With his lanky frame, use-worn banjo and full white beard, Seeger was an iconic figure in folk music who outlived his peers. He performed with the great minstrel Woody Guthrie in his younger days and wrote or co-wrote “If I Had a Hammer,” “Turn, Turn, Turn,” “Where Have All the Flowers Gone” and “Kisses Sweeter Than Wine.” He lent his voice against Hitler and nuclear power. A cheerful warrior, he typically delivered his broadsides with an affable air and his fingers poised over the strings of his banjo.

With The Weavers, a quartet organized in 1948, Seeger helped set the stage for a national folk revival. The group — Seeger, Lee Hays, Ronnie Gilbert and Fred Hellerman — churned out hit recordings of “Goodnight Irene,” “Tzena, Tzena” and “On Top of Old Smokey.”

Seeger also was credited with popularizing “We Shall Overcome,” which he printed in his publication “People’s Song” in 1948. He later said his only contribution to the anthem of the civil rights movement was changing the second word from “will” to “shall,” which he said “opens up the mouth better.”

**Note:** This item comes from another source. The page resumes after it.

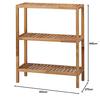 Francfranc Min Wide Shelf, Natural (W650xH845) - Rack, Natural Wood, Wooden Shelf, Wall Shelf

“Every kid who ever sat around a campfire singing an old song is indebted in some way to Pete Seeger,” Arlo Guthrie once said.

His musical career was always braided tightly with his political activism, in which he advocated for causes ranging from civil rights to the cleanup of his beloved Hudson River. Seeger said he left the Communist Party around 1950 and later renounced it. But the association dogged him for years.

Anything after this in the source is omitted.